November 29, 2017
The celebrity battles of the 21st century tend to be fought most fanatically by foot-soldier fans who assume that they will in some way benefit from their idol’s triumph.
There’s a lot of magical thinking these days about how the good fortune of some individual celeb will somehow benefit the mass of her co-ethnics. For example, in The New York Times on Tuesday:
Can Meghan Markle Save the Monarchy?
By IRENOSEN OKOJIE
I’m a black British woman who never cared about the royal family—until now.

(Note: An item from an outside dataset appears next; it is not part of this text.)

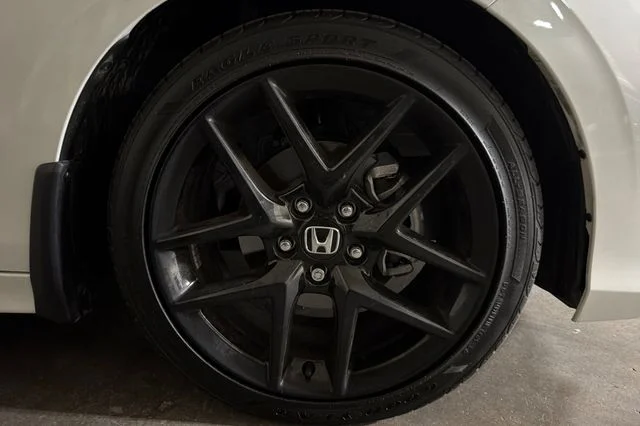 Certified Used 2026 Platinum White Pearl Honda Sport image 5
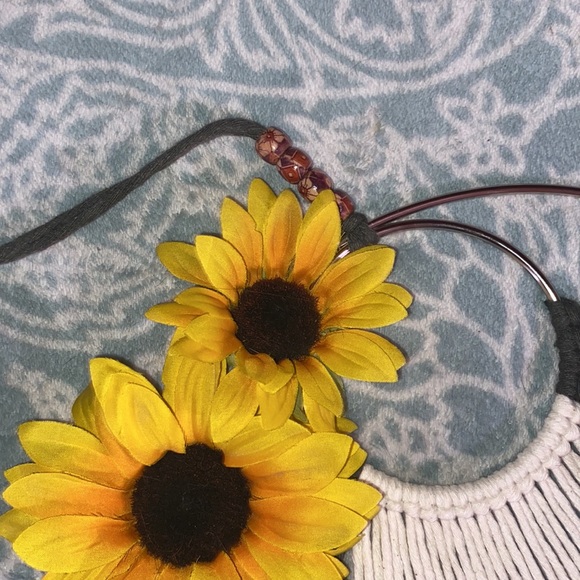 Unique Hand Crafted Macrame Sunflower Design Dream Catcher Hanging Wall Art - Picture 11 of 14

One of the stranger culture wars at present is being waged by fans of pop diva Beyoncé who are excoriating rival pop diva Taylor Swift for her “silence” on partisan politics: In other words, Swift hasn’t gifted us with her denunciation of the president like most of our other moral role models in the entertainment industry. For instance, the editorial board of The Guardian of London recently proclaimed:
‘The Guardian’ view on Taylor Swift: an envoy for Trump’s values?
Personally, neither lady’s music is of much interest to me, but they do both work extraordinarily hard for their fans.
In turn, Swift’s fans love Swift, while Beyoncé’s fans not only love Beyoncé but hate her rivals for her. Thou must have no strange goddesses before her. It’s not enough that Beyoncé triumph, but all others must lose.
Beyoncé, for example, has won 22 Grammy awards in her career, which stretches back to the last millennium, but that is far too few for her fans. Beyoncé must win all the prizes. For example, after the Grammy Awards show last winter, The New York Times headlined:
#GrammysSoWhite: Will Awards Face Race Problem?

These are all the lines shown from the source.